▸ **WORK REQUIRED**
Each line of the records has to be copied exactly, though the pictures must be left out.

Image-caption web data
★ ★ ★ ★
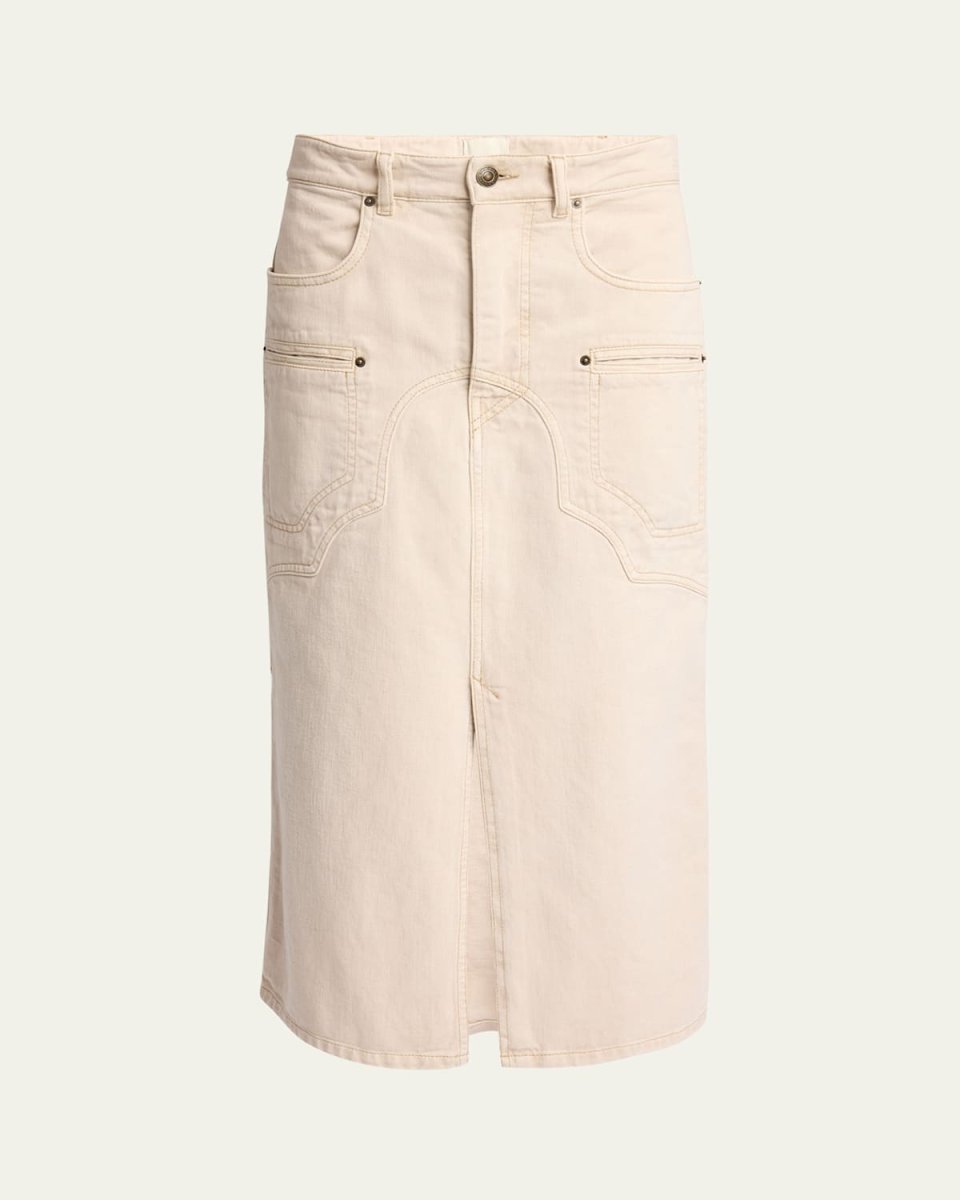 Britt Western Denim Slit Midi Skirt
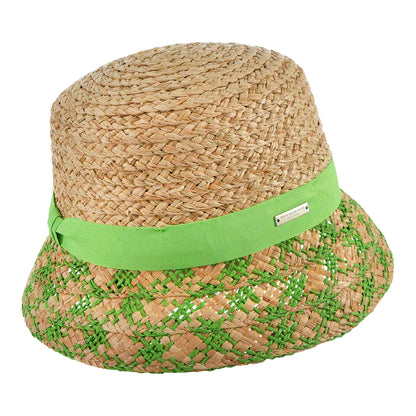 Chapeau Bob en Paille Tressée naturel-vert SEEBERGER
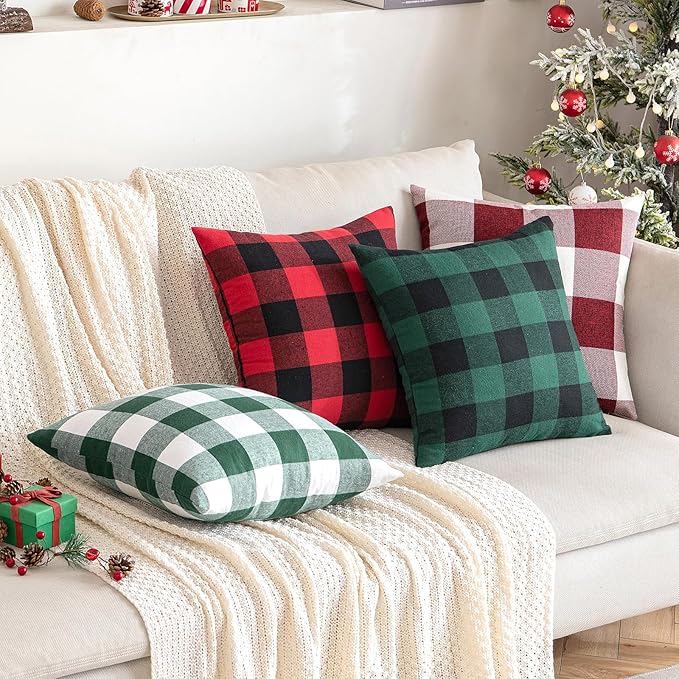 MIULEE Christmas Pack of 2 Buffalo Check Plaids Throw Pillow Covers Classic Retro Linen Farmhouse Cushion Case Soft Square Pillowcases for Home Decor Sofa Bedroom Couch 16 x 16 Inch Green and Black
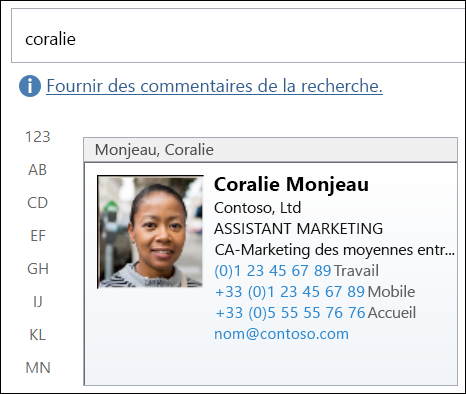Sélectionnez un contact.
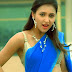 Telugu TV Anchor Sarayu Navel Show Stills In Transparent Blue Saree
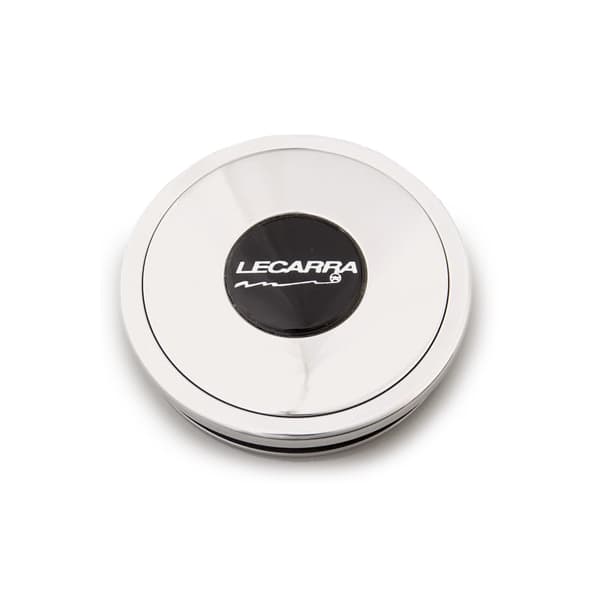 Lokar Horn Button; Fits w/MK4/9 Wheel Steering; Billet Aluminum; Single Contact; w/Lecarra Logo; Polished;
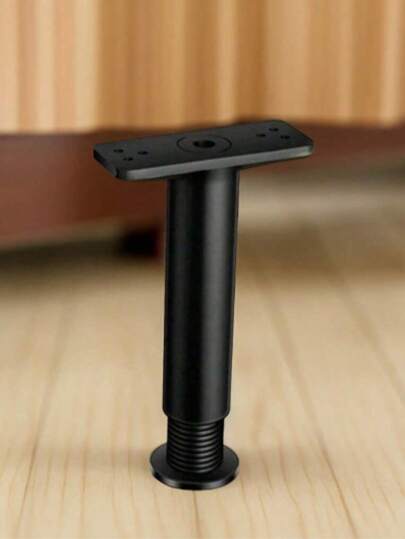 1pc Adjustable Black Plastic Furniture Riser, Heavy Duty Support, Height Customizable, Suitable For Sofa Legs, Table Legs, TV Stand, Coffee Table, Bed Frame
★ ★ ★ ★
▸ **SOLUTION FOR THIS EXERCISE**
 Britt Western Denim Slit Midi Skirt
 Chapeau Bob en Paille Tressée naturel-vert SEEBERGER
 MIULEE Christmas Pack of 2 Buffalo Check Plaids Throw Pillow Covers Classic Retro Linen Farmhouse Cushion Case Soft Square Pillowcases for Home Decor Sofa Bedroom Couch 16 x 16 Inch Green and Black
Sélectionnez un contact.
 Telugu TV Anchor Sarayu Navel Show Stills In Transparent Blue Saree
 Lokar Horn Button; Fits w/MK4/9 Wheel Steering; Billet Aluminum; Single Contact; w/Lecarra Logo; Polished;
 1pc Adjustable Black Plastic Furniture Riser, Heavy Duty Support, Height Customizable, Suitable For Sofa Legs, Table Legs, TV Stand, Coffee Table, Bed Frame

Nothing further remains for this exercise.